**INSTRUCTIONS FOR THE TASK**.
Count the lines below that contain the word "Casa", and report only that number.

++++

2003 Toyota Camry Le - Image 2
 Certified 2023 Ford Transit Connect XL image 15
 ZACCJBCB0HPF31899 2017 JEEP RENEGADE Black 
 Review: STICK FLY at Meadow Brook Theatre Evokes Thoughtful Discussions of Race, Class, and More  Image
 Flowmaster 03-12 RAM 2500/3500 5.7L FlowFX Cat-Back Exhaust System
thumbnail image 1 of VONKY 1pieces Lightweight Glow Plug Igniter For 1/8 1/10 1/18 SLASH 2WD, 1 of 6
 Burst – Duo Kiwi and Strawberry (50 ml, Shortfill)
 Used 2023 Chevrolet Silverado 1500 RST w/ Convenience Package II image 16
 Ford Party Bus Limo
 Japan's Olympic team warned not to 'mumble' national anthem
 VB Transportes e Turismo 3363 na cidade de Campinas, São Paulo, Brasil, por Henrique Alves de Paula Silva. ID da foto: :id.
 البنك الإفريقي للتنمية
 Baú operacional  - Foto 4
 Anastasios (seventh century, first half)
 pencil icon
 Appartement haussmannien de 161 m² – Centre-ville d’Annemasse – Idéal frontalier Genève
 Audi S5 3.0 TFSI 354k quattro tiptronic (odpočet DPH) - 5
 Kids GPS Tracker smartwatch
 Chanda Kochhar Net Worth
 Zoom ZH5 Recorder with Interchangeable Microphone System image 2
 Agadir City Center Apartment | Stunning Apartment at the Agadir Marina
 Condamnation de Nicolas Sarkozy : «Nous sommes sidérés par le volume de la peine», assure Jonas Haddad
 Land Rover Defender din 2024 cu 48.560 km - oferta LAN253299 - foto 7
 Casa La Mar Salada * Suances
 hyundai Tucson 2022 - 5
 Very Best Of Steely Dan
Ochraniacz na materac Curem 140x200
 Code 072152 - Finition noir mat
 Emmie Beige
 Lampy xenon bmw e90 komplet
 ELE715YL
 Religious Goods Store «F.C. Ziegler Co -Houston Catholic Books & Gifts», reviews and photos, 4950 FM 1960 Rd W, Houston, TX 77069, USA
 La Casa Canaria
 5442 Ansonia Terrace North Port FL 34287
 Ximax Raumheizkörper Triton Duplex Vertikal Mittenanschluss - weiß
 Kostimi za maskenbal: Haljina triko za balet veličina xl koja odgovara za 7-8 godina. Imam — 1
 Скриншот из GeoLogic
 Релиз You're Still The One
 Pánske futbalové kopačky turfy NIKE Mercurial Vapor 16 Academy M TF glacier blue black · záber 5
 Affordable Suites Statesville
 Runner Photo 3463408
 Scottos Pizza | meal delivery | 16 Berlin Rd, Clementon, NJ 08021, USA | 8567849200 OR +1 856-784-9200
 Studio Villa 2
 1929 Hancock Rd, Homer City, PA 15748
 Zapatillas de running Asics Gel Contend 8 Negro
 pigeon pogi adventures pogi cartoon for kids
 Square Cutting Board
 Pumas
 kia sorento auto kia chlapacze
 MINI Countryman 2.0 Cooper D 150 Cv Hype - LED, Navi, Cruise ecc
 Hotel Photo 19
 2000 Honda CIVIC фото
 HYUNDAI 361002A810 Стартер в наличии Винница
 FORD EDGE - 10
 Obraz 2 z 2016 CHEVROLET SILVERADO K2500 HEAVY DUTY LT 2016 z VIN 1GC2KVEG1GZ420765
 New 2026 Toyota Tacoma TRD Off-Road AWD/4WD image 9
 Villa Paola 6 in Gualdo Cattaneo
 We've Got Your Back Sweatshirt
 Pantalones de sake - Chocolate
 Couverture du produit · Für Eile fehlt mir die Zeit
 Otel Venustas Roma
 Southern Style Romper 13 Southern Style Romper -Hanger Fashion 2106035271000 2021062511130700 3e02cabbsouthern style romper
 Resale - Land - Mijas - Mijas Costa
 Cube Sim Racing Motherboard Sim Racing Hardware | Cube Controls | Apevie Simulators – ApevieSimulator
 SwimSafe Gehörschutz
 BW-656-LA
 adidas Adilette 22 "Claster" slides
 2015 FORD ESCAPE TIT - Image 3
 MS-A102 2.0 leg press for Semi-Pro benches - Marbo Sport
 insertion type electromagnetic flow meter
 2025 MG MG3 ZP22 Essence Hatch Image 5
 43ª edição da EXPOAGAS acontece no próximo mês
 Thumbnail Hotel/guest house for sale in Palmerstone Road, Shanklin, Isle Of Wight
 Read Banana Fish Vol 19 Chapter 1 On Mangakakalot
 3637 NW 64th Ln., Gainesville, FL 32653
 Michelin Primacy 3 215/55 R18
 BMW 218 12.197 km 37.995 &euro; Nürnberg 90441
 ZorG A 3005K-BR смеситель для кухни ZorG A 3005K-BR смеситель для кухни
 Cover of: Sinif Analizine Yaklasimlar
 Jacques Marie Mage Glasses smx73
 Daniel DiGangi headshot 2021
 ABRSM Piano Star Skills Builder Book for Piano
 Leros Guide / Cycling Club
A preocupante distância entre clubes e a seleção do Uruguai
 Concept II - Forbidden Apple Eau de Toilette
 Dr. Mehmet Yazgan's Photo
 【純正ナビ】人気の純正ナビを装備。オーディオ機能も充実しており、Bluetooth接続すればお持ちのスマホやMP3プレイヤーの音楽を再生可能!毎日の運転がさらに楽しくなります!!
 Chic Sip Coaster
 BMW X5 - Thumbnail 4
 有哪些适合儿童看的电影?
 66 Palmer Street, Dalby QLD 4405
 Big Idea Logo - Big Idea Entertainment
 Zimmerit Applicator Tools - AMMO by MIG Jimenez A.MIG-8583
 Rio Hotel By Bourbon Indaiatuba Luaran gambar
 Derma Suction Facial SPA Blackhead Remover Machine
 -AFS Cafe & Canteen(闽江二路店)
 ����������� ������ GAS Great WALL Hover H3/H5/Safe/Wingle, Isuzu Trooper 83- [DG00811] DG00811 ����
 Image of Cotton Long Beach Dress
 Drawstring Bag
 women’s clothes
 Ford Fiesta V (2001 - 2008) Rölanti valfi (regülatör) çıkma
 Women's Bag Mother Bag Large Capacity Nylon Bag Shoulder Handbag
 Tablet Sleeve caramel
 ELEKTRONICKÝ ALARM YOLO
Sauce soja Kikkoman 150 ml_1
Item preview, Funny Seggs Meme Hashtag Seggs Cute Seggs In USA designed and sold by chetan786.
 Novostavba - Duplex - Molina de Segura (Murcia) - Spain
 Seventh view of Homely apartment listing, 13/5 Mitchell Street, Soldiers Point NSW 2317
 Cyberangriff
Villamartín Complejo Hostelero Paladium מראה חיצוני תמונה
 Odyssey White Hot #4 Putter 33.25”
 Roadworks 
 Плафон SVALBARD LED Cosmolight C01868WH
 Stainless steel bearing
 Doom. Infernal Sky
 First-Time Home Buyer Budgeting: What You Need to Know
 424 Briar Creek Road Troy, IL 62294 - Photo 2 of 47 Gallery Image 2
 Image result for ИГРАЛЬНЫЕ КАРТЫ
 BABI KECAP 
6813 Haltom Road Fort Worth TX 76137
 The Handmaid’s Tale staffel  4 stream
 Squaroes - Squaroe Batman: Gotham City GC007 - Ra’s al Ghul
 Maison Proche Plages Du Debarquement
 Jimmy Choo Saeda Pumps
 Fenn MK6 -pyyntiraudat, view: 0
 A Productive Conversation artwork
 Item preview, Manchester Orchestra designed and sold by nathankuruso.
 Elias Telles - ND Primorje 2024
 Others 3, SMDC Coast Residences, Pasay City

++++

**SOLUTION TO THIS TASK**.
2